Cette déclaration n’accommodait sans doute point le chasseur noir, car il fit un geste que la jeune femme interpréta aussitôt défavorablement.
– Vous me suspectez, s’écria Pathaway. Votre sexe est toujours prêt à manquer de confiance dans le mien.
– Après ? prononça-t-elle sèchement.
– Je pensais que les femmes ne faisaient pas de condition, et que leurs actes étaient libres et volontaires.
– Pour ce qui les regarde, cela se peut, répliqua-t-elle, mais quand il s’agit des autres, c’est différent. La trahison, voyez-vous, c’est une terrible chose... Promettez-moi cependant que vous ne partirez pas avec des intentions hostiles.
Pathaway se taisait.
– Vous hésitez ? demanda-t-elle d’une voix frémissante.
– Vous me mettez dans une pénible position, répondit le chasseur noir fort embarrassé. Sans refuser de me rendre à un ordre de ma bienfaitrice, je manquerais à mon devoir envers l’humanité si je vous donnais la parole que vous désirez, car, je vous le confesse, mon plus grand bonheur sera de chasser de cette retraite les misérables qui s’y réfugient et de venger les nombreuses victimes de leur cupidité et de leur barbarie.
– Oui, voilà bien ce que je prévoyais. Vous bondissez à l’idée de revenir promptement ici avec une force écrasante... n’est-ce pas cela ?
– Tel n’est pas mon dessein.
– J’ai ouï dire que le gouvernement anglais organisait une expédition contre nous, et qu’un détachement militaire devait partir de Montréal – s’il n’était déjà en route – pour nous donner la chasse.

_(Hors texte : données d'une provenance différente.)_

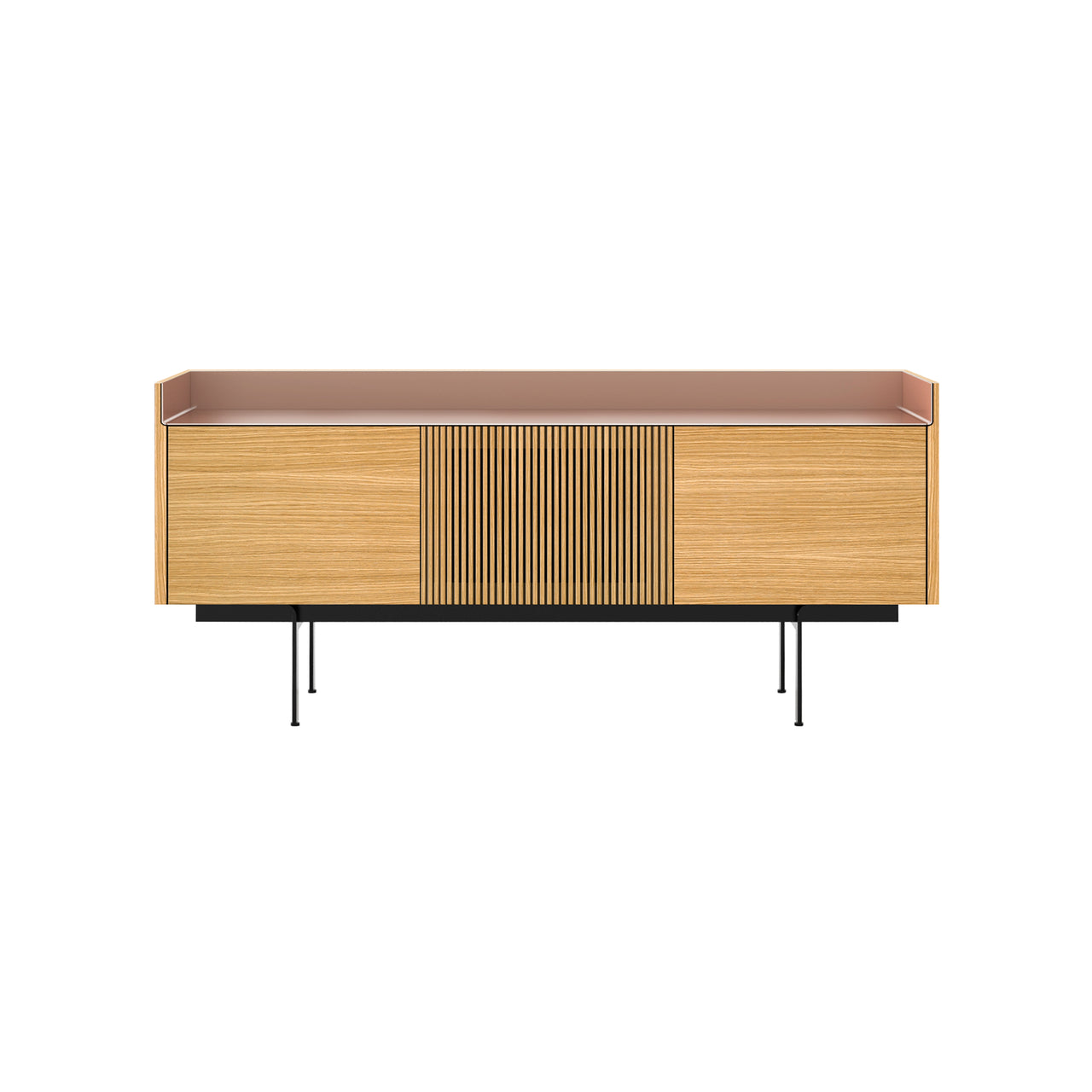 Stockholm STH303 Technic Sideboard: Composition 3 + Super-Matt Oak + Anodized Aluminum Pale Rose + Black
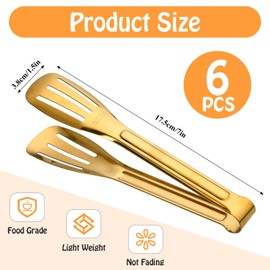 Akamino 6 Pcs Gold Food Serving Tongs, 7" Stainless Steel Kitchen Tongs with Non-Slip Handle, Metal Buffet Tong for Salad Dessert BBQ Appetizer, Home Party Use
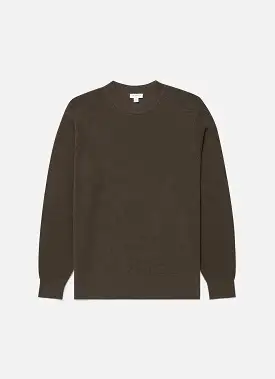 Men's Waffle Stitch Crew Neck Jumper in Khaki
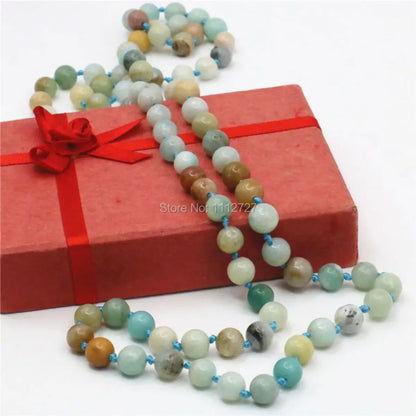 8 mm runde natürliche Amazonit-Achat-Perlen-Halskette, Kette für Mädchen, Weihnachtsgeschenke, Damenschmuck, halbfertiger Stein, 91,4 cm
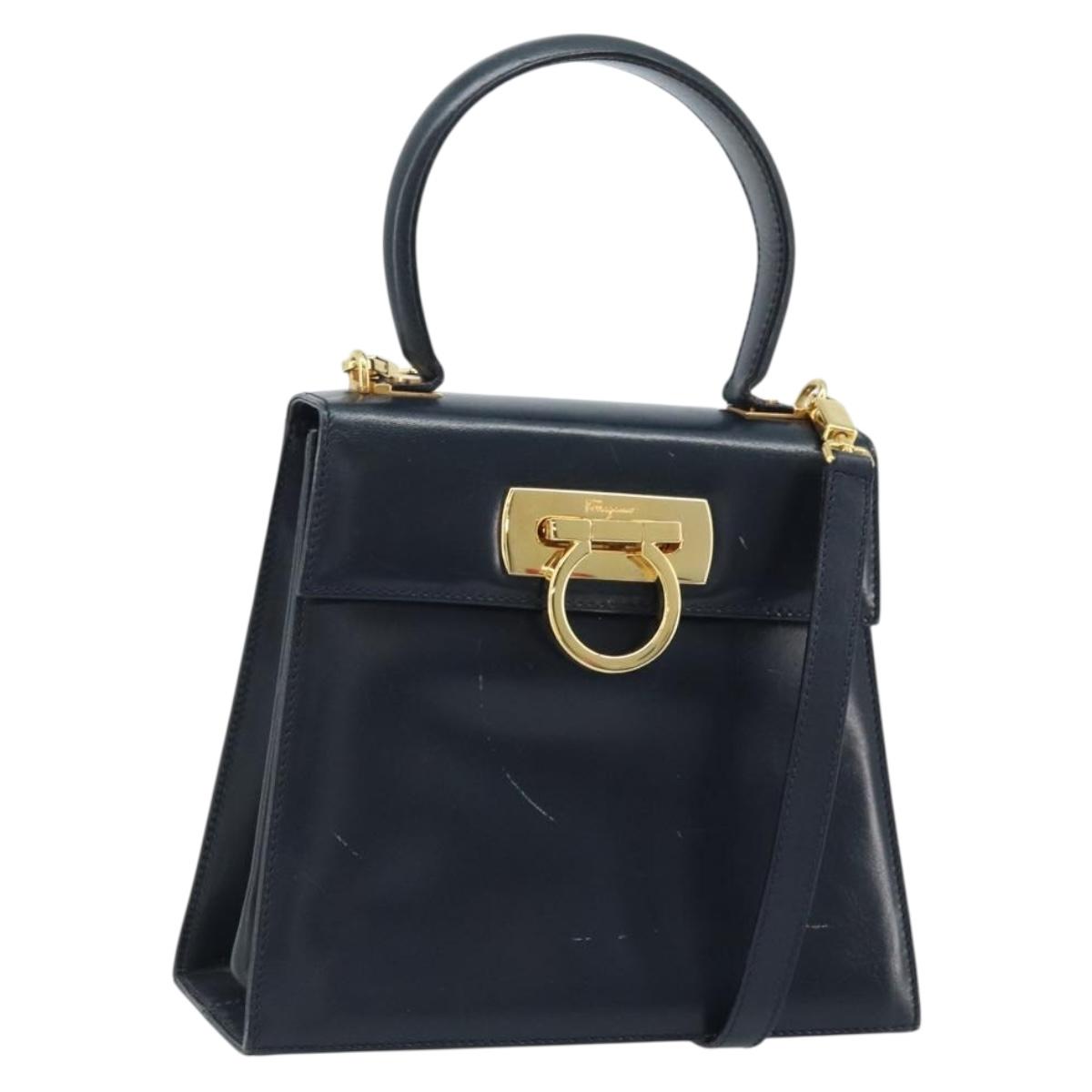 Salvatore Ferragamo Gancini Hand Bag Leather 2way Navy Gold Auth gh1925
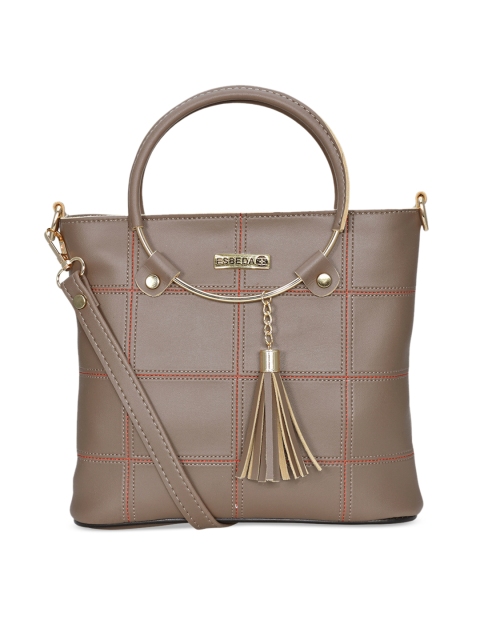 

ESBEDA Taupe Checked Handheld Bag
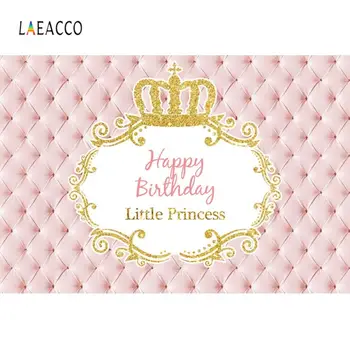 

Laeacco Little princess Happy Birthday Sofa Cloth Texture Background Party Celebration Photo Photography Backdrop Photo Studio
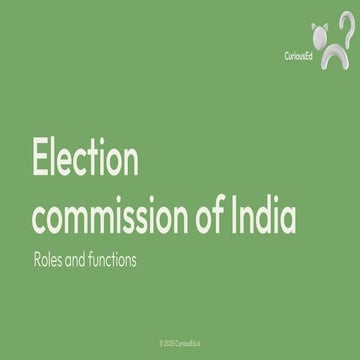Election Commission of India: Roles, Functions & Process | PDF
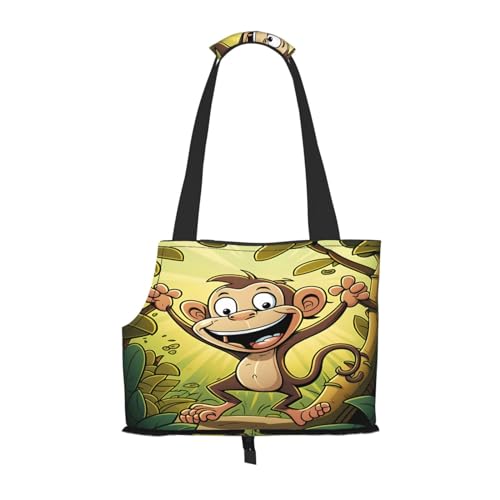 Cartoon Monkey Tropical Forest Pet Carrier for Small Dogs Cats Puppy Sturdy Dog Purse Vielseitige Cat Carrier Purse Soft Pet Travel Tote Bag von cfpolar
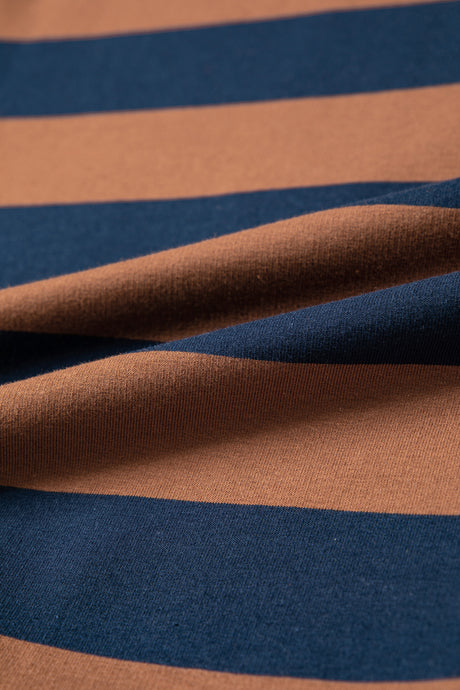 Brown Stripe Colorblock Mock Neck Relaxed Sweatshirt
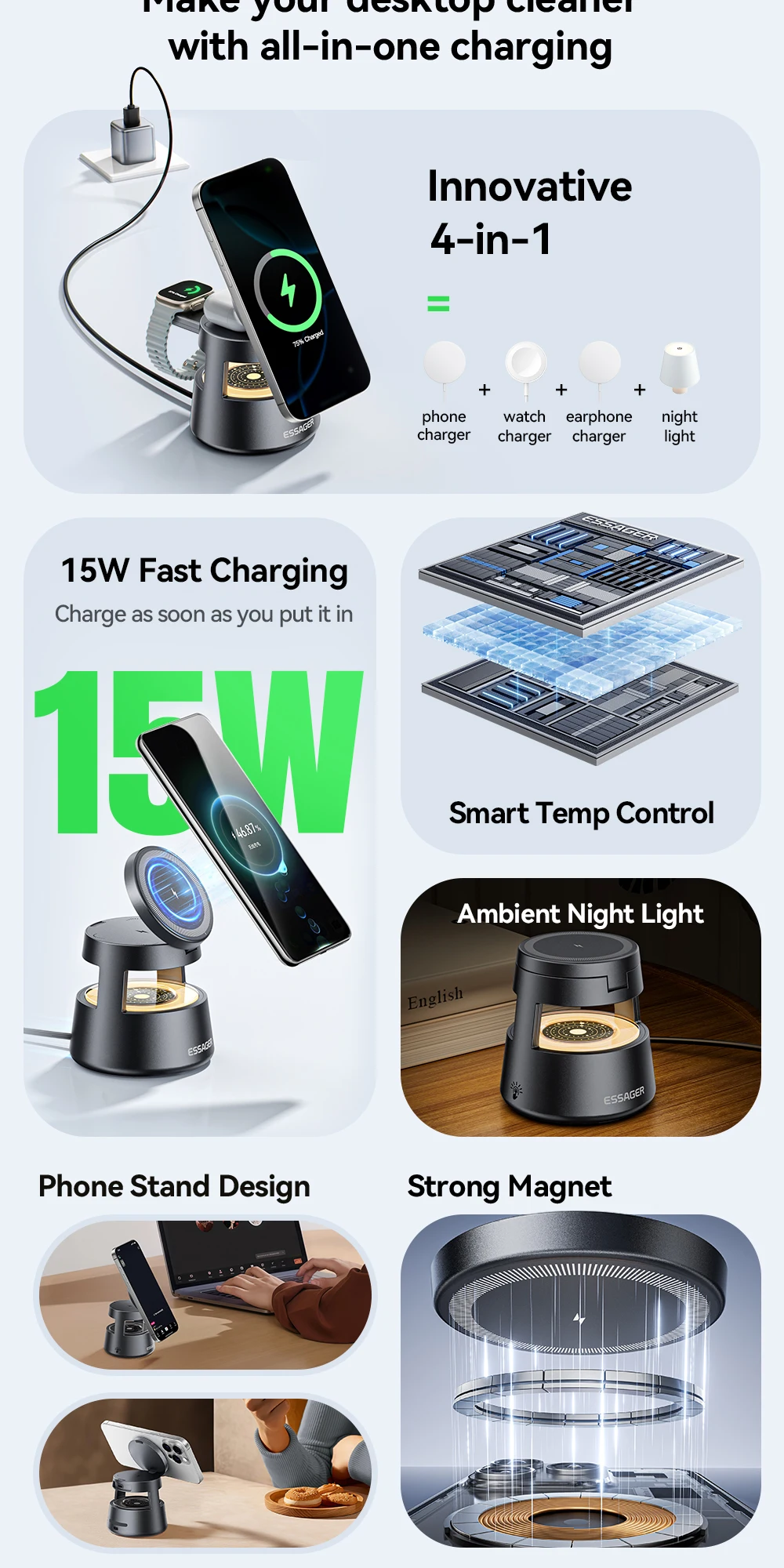 Essager 4 in 1 Magnetic Wireless Charger Stand for iPhone 16 15 14 13 12 Apple Watch 9 8 Airpods Pro 15W Fast Charging Station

– Je promets, répliqua Pathaway, de ne conduire contre vous ni troupe de guerre ni gens armés, mais je ne puis jurer de ne plus revenir dans la vallée du Trappeur. Vous oubliez, belle Carlota, ajouta-t-il galamment, que votre présence ici peut avoir de l’influence sur mes opérations. Des charmes comme les vôtres...
– Finissez ! pas d’outrage, je vous prie. Un futile compliment ne me trompe pas ; l’hypocrisie me fâche. Je n’exige plus rien. Demeurez ici quelques instants, et je vous enverrai une personne qui vous mènera fidèlement au camp de votre ami.
– La femme sera toujours femme ! murmura Pathaway. Excusez, Carlota ; il est un sujet dont je dois, comme homme d’honneur, vous parler avant de nous séparer. Il s’agit de la fille du Canadien.
– Ce n’est pas l’heure de faire des questions, répondit-elle précipitamment, avec un trouble manifeste.
Et, baissant la voix, elle reprit :
– Connaîtriez-vous cette Nannette ?
– Je ne l’ai jamais vue, dit Pathaway, mais au nom de l’humanité, je voudrais pouvoir la protéger. Qu’est-elle devenue ? Ne pouvez-vous rien faire pour la sauver ? Portneuf s’est échappé, je l’ai vu.
– Hendricks avait raison. Il a beaucoup à craindre de vous. C’est la première fois que je déserte ses intérêts. N’importe, ce qui est fait est fait. Ne bougez pas jusqu’à l’arrivée du guide.
Carlota s’éloigna d’un pas léger et rapide. Bientôt elle eut disparu dans les profondeurs de la nuit.